Senin, 29 April 2024 – 22:51 WIB
Jakarta – Penjabat (Pj) Gubernur DKI Jakarta, Heru Budi Hartono mengatakan penonaktifan Nomor Induk Kependudukan (NIK) warga yang sudah tidak berdomisili di Jakarta memiliki manfaat. Salah satu manfaatnya adalah agar aman dari masalah kriminalitas perbankan.
Heru mengatakan banyak keluhan masyarakat khususnya pengusaha di bidang properti yang memiliki kontrakan agar tertib dalam masalah administrasi. “Supaya lebih aman dari masalah kriminalitas perbankan. Banyak juga para pengusaha atau warga yang berusaha di bidang kontrakan itu mengharapkan tertib administrasi. Banyak keluhan yang kami tanggapi dengan tertib administrasi masalah kependudukan,” kata Heru Budi di Jakarta, Senin, 29 April 2024.
Dia juga menyoroti warga yang tertib administrasi yang segera mengalihkan NIK sesuai dengan domisili tempat tinggalnya. Selain itu, Heru menyebut banyak warga yang sudah meninggal dan memang harus dilakukan penertiban NIK. “Jadi, evaluasinya adalah bagi yang maaf, sudah meninggal cukup banyak. Bagi yang sadar pindah selama sekian tahun dan dia tertib administrasi mengalihkan NIK-nya ke daerah yang memang dia tinggal,” ujar Heru.
Heru juga menegaskan penertiban NIK merupakan suatu kemudahan bagi warga itu sendiri. “Kan sebenarnya untuk kepentingan masyarakat sendiri, contoh pernah kan kejadian ada kecelakaan, dia tinggal di Jakarta, begitu dikonfirmasi tidak tahu di mana, kan kesulitan,” ujar Heru.
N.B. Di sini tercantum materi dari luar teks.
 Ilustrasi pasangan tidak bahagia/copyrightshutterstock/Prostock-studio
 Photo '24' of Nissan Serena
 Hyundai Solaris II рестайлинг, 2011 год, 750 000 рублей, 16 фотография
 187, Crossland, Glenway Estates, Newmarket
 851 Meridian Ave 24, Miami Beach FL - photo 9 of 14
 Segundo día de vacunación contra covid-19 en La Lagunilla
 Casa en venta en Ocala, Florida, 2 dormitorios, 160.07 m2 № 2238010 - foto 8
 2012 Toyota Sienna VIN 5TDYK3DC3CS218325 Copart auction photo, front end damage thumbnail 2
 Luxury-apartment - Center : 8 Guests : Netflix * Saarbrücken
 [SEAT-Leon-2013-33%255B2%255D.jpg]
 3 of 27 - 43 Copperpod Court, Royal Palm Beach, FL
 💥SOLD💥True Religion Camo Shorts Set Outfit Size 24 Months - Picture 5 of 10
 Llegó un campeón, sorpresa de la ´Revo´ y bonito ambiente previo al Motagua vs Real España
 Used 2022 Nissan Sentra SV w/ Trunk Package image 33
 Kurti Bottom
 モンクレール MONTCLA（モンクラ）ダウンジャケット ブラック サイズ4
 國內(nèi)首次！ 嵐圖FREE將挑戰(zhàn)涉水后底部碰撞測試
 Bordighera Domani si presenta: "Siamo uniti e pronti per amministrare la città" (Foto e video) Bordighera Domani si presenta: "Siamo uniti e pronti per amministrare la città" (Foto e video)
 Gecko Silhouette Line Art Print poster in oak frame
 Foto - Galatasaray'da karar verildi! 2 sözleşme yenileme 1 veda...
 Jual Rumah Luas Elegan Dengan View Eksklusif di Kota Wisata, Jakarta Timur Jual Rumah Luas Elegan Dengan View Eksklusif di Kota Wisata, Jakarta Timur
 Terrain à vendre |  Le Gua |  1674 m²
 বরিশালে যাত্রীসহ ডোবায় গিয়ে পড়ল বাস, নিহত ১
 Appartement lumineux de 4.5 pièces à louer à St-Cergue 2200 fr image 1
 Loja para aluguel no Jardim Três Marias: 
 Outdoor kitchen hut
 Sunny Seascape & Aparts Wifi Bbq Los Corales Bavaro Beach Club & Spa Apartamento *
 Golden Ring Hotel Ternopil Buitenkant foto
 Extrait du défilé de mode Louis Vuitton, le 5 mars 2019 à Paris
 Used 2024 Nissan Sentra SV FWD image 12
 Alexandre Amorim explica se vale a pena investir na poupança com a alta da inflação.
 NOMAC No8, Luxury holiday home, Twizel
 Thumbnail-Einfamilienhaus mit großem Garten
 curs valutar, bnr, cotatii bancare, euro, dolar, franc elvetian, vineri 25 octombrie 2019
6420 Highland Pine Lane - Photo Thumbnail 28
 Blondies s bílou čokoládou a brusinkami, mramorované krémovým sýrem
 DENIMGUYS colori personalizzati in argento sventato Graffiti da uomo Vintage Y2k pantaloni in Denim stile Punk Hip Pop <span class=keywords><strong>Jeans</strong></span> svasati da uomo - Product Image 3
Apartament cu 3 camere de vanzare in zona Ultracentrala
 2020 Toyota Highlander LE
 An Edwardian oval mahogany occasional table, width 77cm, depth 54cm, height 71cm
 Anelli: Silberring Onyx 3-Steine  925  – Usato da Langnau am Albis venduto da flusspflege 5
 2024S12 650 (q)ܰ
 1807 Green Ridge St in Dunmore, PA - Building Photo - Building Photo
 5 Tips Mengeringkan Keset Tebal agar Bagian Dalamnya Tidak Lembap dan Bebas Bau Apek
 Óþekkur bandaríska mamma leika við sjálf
Sebagai informasi, Dinas Kependudukan dan Pencatatan Sipil (Dukcapil) DKI Jakarta memastikan KTP lama masih berlaku meski Jakarta tidak lagi memiliki status sebagai Daerah Khusus Ibu Kota (DKI). Jakarta akan menjadi daerah khusus (DKJ) seiring dengan perpindahan Ibu Kota Negara ke Kalimantan Timur. “Tentunya masih berlaku,” ujar Kepala Dinas Dukcapil DKI Jakarta, Budi Awaluddin di Jakarta, dikutip Jumat, 26 April 2024.
Budi menyatakan bahwa nantinya warga akan melakukan pergantian KTP jika Jakarta sudah resmi menjadi Daerah Khusus (DKJ). Namun, pelaksanaan pergantian itu dilakukan secara bertahap mulai dari dua juta penduduk lebih dulu pada tahun ini, kemudian dilanjutkan pada 2025. “Saya hitung yang harus mengganti KTP sebanyak 8,3 juta jiwa berdasarkan data sementara. Hal ini karena adanya mutasi penduduk (pindah, kematian, dan lain sebagainya),” ujarnya.